**EXERCISE GOAL**
Having found the line containing "this 1456×819 image." in the records below, copy that line and each later one exactly, dropping pictures.

START TASK INPUT

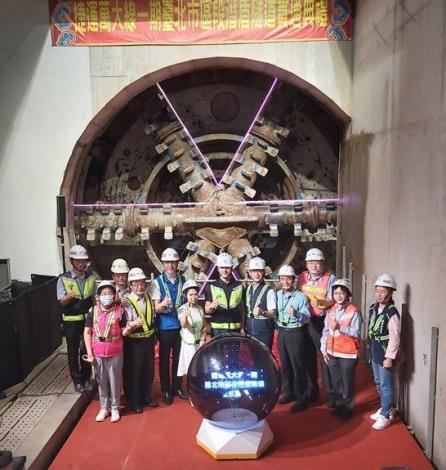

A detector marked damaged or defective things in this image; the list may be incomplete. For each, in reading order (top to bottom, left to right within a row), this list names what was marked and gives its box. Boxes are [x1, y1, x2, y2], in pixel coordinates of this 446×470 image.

rusty steel machine face [71, 68, 342, 278]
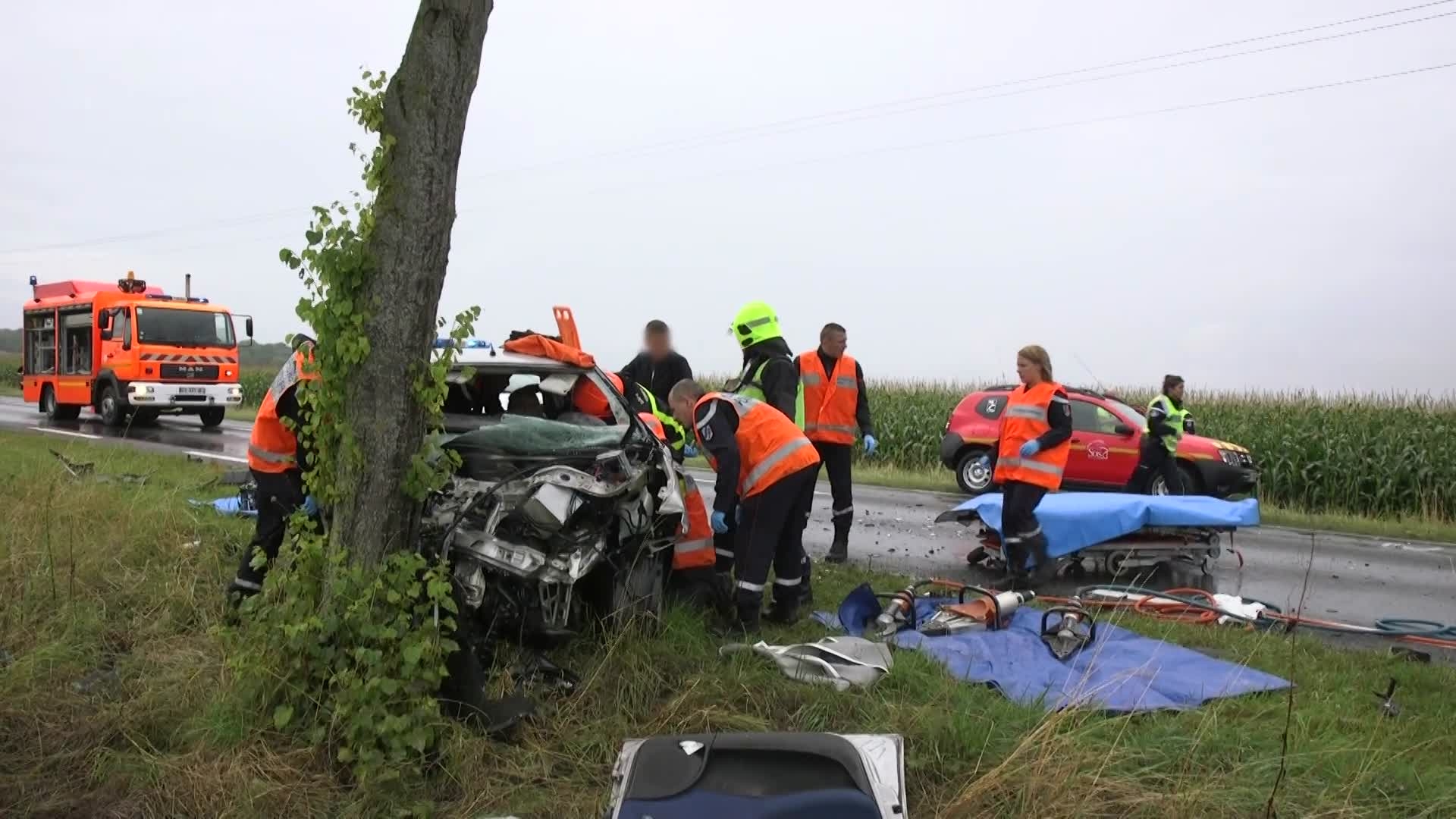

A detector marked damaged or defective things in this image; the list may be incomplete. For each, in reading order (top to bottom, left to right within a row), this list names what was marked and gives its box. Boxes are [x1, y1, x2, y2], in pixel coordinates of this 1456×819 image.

wrecked car [422, 326, 687, 720]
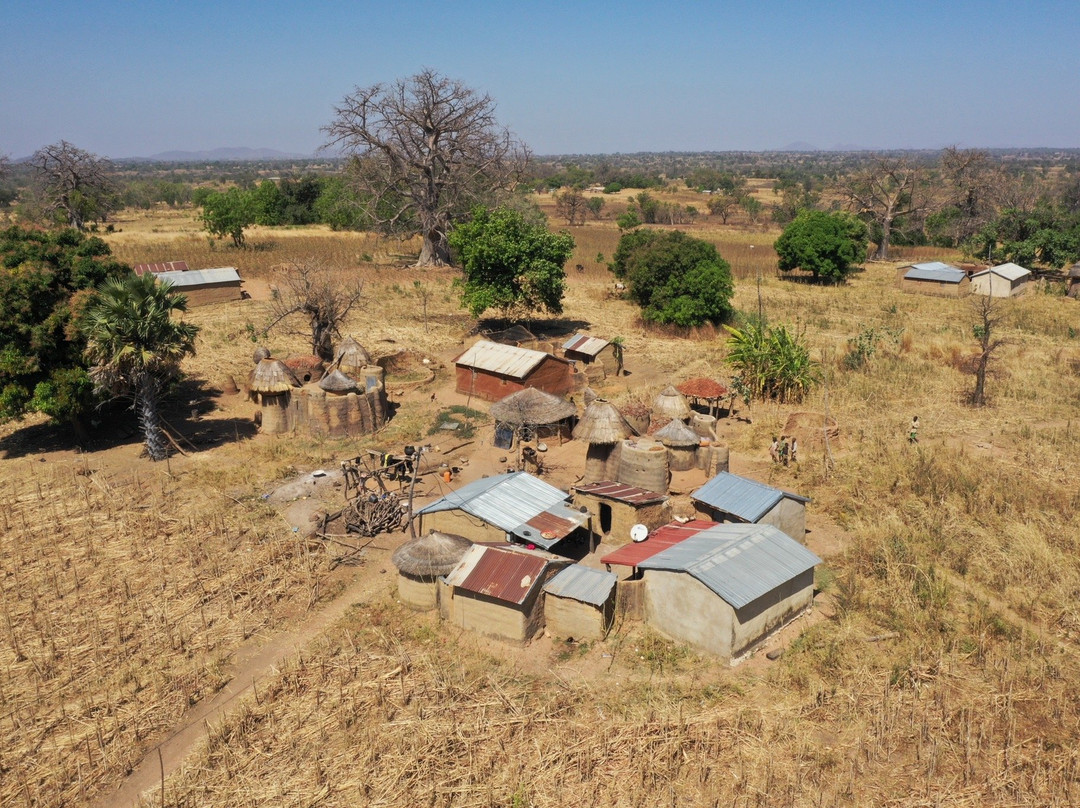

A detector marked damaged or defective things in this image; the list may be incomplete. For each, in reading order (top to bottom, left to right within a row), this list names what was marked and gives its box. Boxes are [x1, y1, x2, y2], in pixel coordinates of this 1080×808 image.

rusty red metal roof [574, 479, 665, 505]
rusty red metal roof [600, 520, 717, 566]
rusty red metal roof [442, 546, 552, 604]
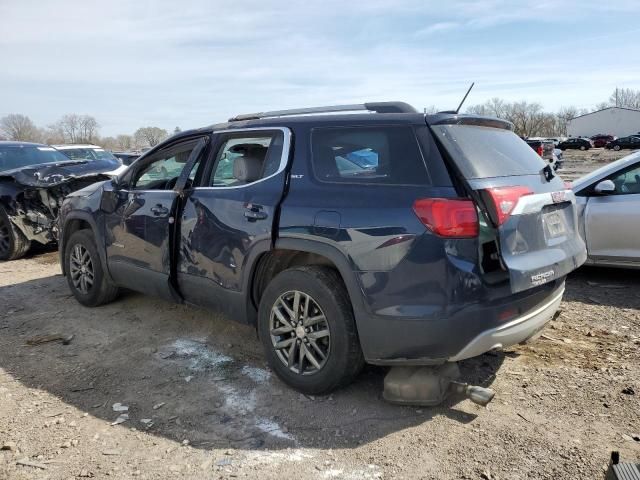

END TASK INPUT

**OUTPUT FOR THIS EXERCISE**
A detector marked damaged or defective things in this image; the list may be incomplete. For each, in reading order (top to bottom, left to right within a row), this list names what was marked and gives its box. Boxes are [x1, y1, x2, y2], in pixel coordinates of this 1456×819 image.

wrecked car [422, 326, 687, 720]

A detector marked damaged or defective things in this image; the list may be incomplete. For each, in reading order (top to bottom, left to right within a row), this list names what was marked and gives its box. Boxes are [x1, y1, x2, y2], in pixel coordinates of this 1080×808 image.

rusty red metal roof [574, 479, 665, 505]
rusty red metal roof [600, 520, 717, 566]
rusty red metal roof [442, 546, 552, 604]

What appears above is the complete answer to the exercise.